> [Work order]: Print exactly the line that contains "Olive Tree (w/o fruit)", then every following line through the end of the material; include nothing else and no pictures.

++++ Dataset records

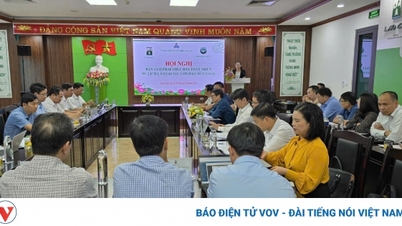 Lao Cai ពិភាក្សា​អំពី​ដំណោះស្រាយ​ដើម្បី​ស្តារ​វិស័យ​ទេសចរណ៍​ឡើងវិញ​ក្រោយ​ឥទ្ធិពល​ព្យុះ Yagi
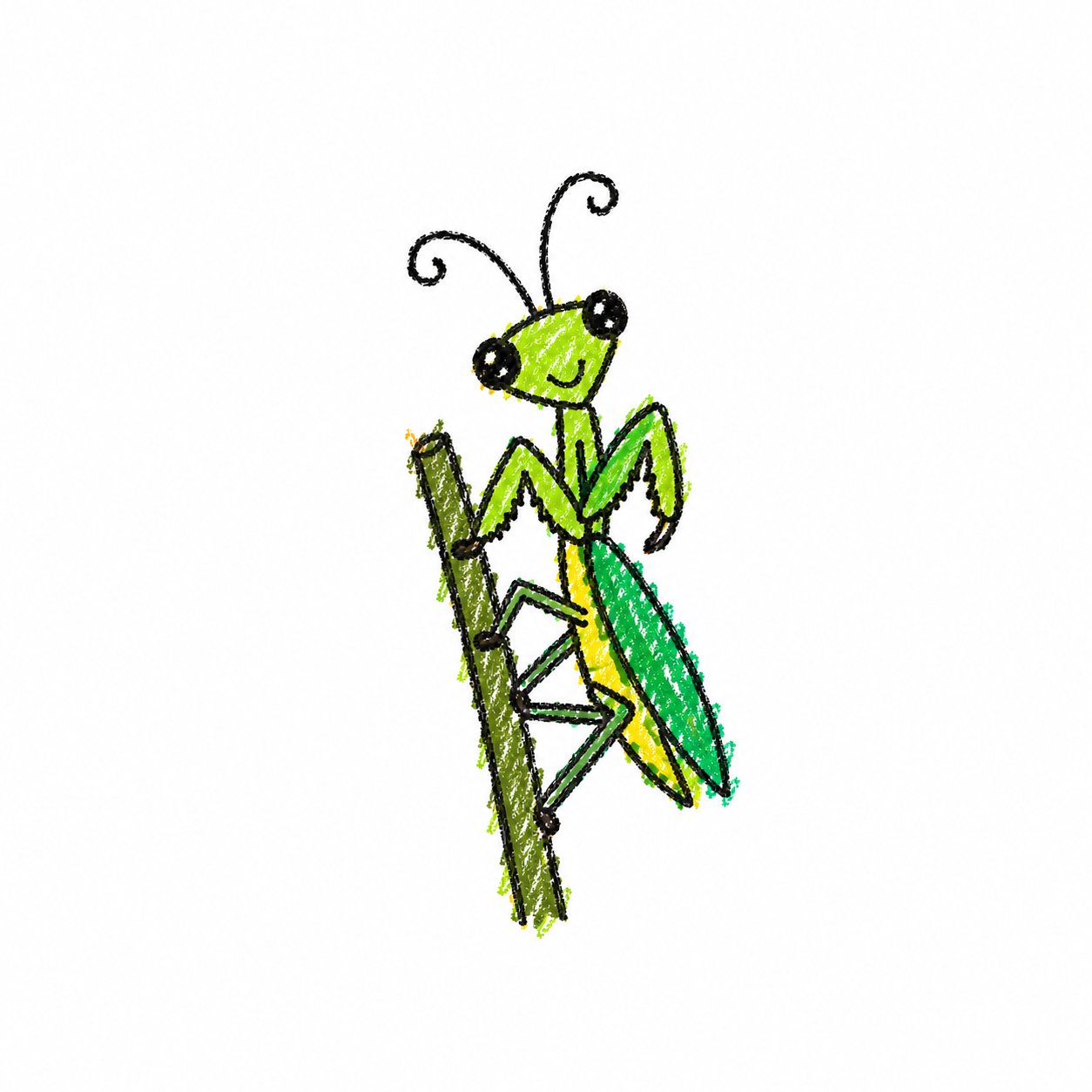 Praying mantis Scene
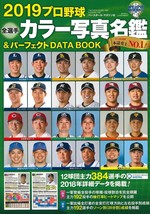 NPB Japan Baseball Players Data 2019 Japanese book Guide Giants Tigers Carp B.B. - £22.17 GBP
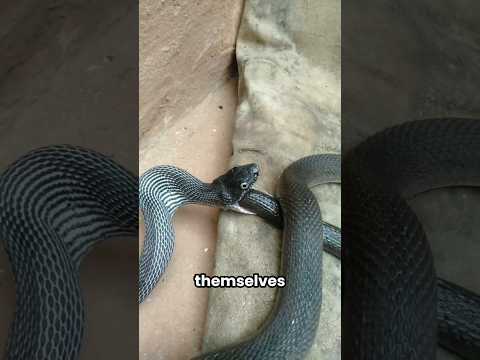 #reverse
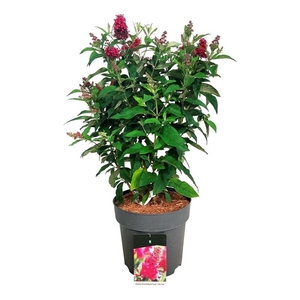 Buddleja d. B. Candy Little Ruby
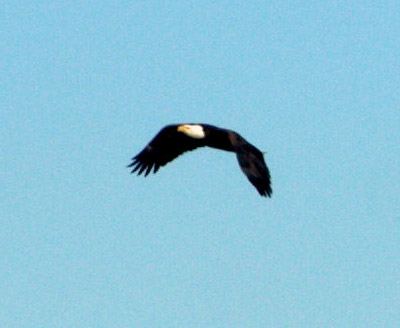 Eagle over Duluth
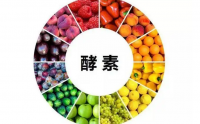 酵素对身体的作用，长期喝酵素对身体好吗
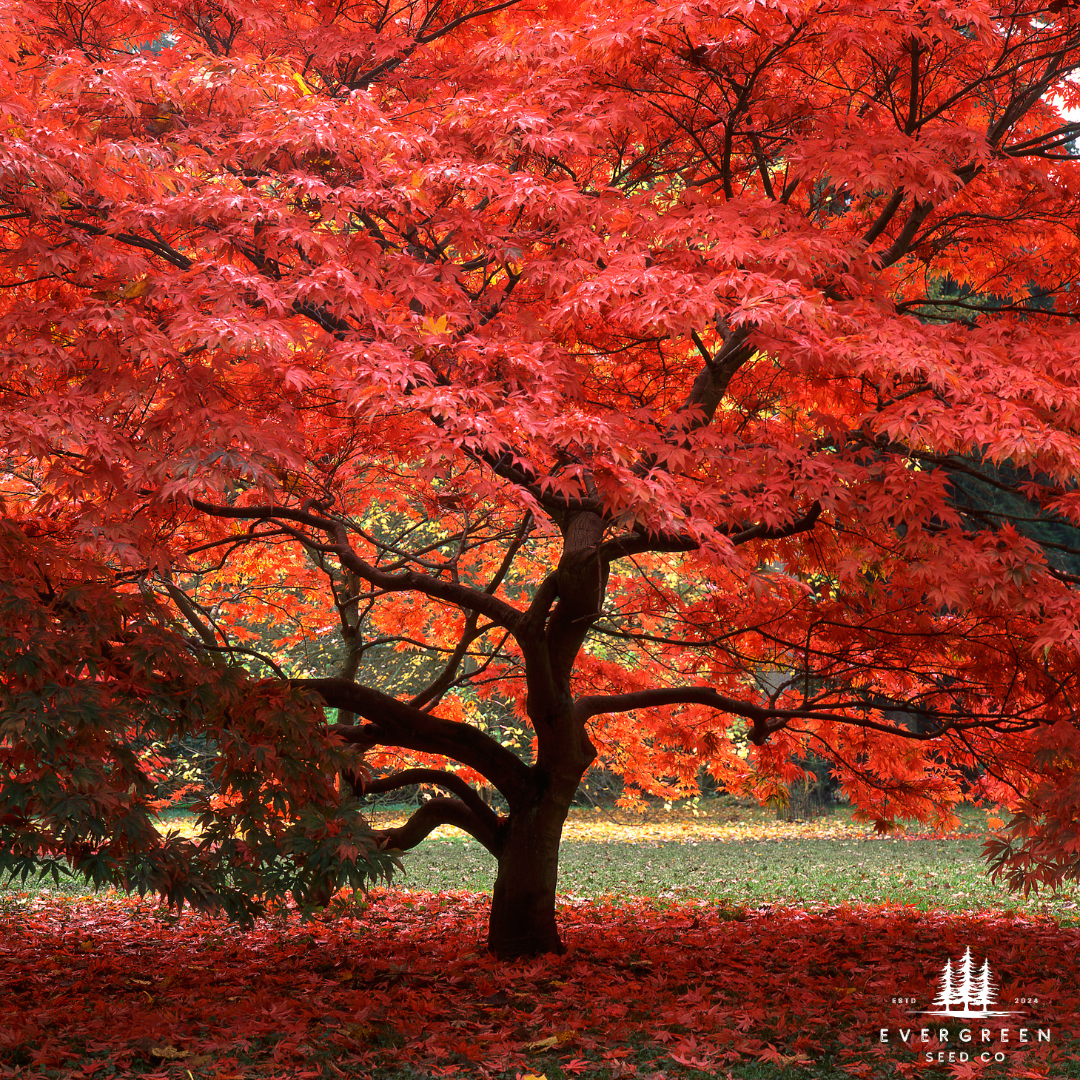 Japanese Maple Tree Seeds-(Acer palmatum)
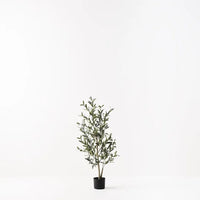 Olive Tree (w/o fruit)
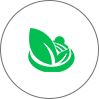 مای گیلا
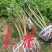 木槿行道风景公园绿化植树造林占地用苗房地产绿化新农村建设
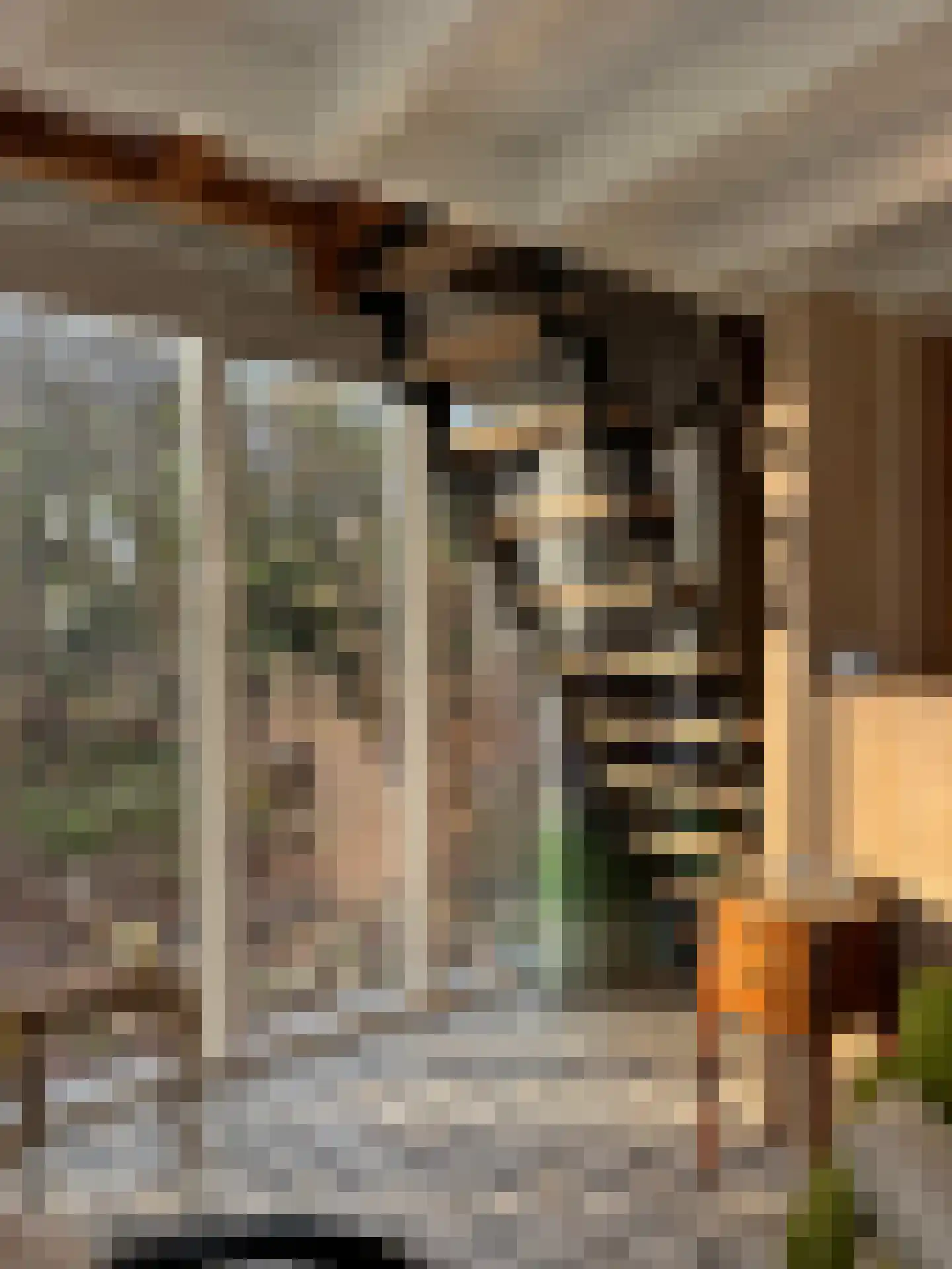 Lutten Oever 7 Balkbrug thumbnail 111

++++++++

> [Solved problem]:
 Olive Tree (w/o fruit)
 مای گیلا
 木槿行道风景公园绿化植树造林占地用苗房地产绿化新农村建设
 Lutten Oever 7 Balkbrug thumbnail 111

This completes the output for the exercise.